• **ASSIGNED TASK**
Omit every picture and return the rest of the data unaltered.

• **DATA SEGMENT**
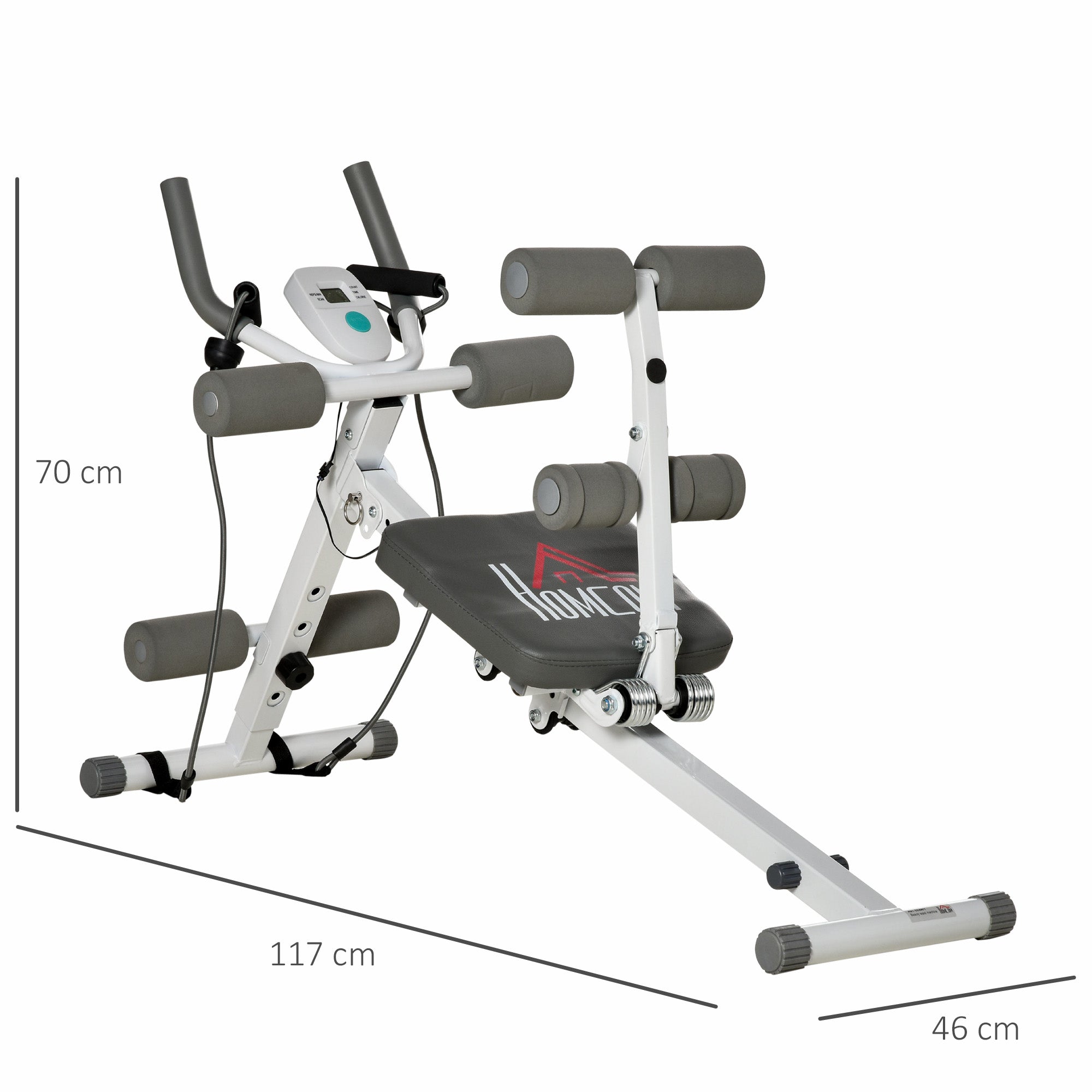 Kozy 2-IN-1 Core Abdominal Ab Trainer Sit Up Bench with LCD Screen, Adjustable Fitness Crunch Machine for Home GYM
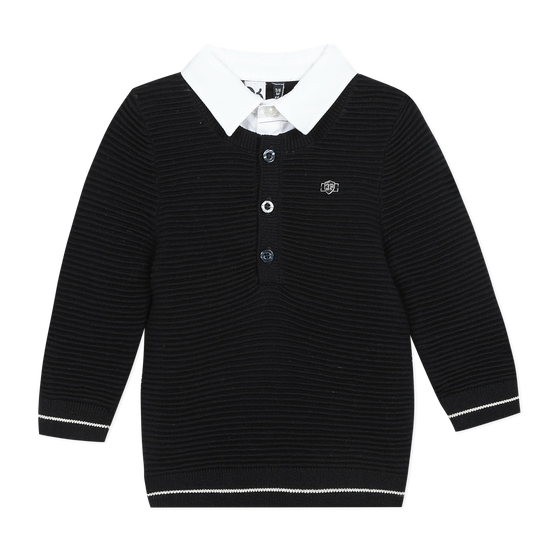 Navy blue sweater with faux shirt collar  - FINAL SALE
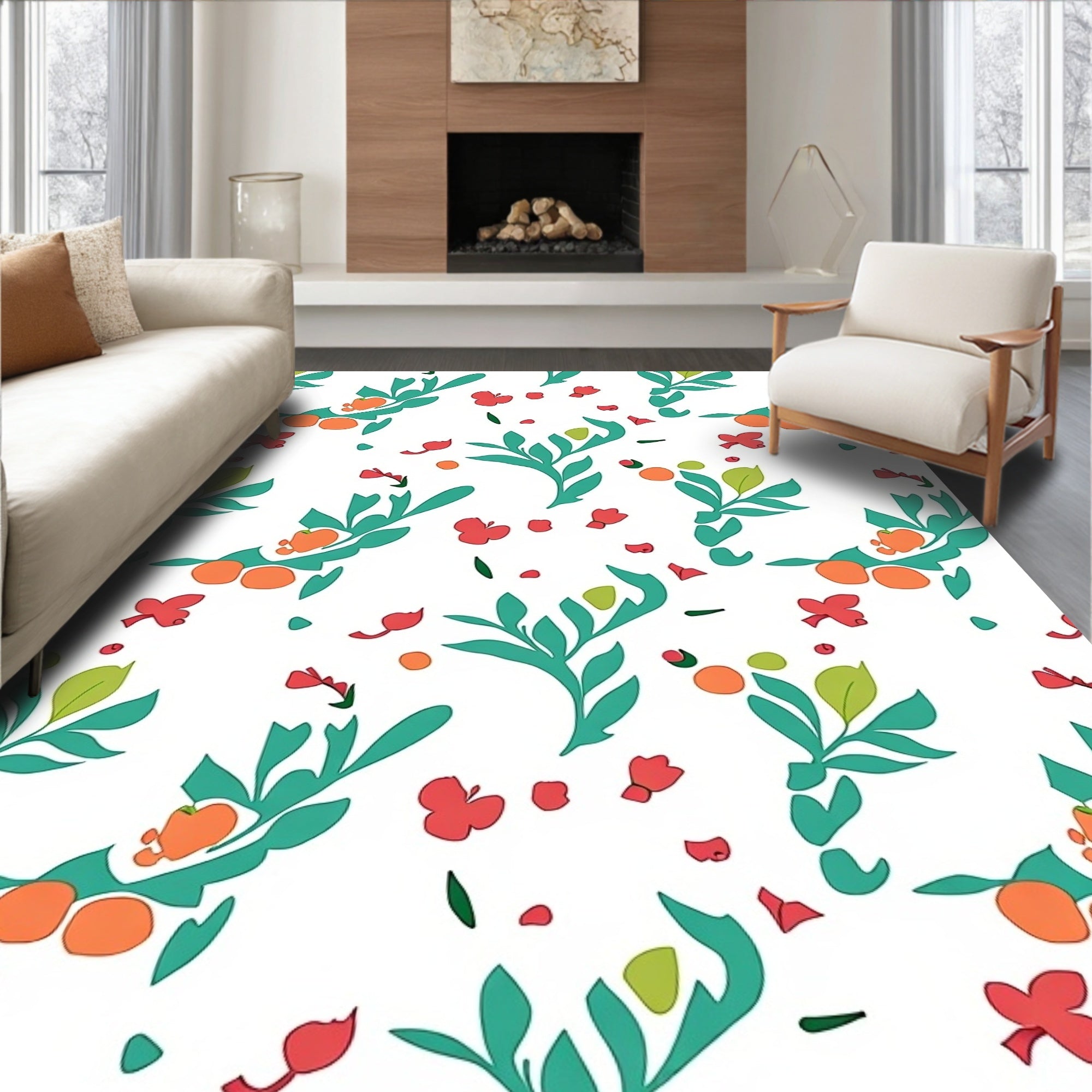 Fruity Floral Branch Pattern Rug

• **RESPONSE TO THIS TASK**
 Kozy 2-IN-1 Core Abdominal Ab Trainer Sit Up Bench with LCD Screen, Adjustable Fitness Crunch Machine for Home GYM
 Navy blue sweater with faux shirt collar  - FINAL SALE
 Fruity Floral Branch Pattern Rug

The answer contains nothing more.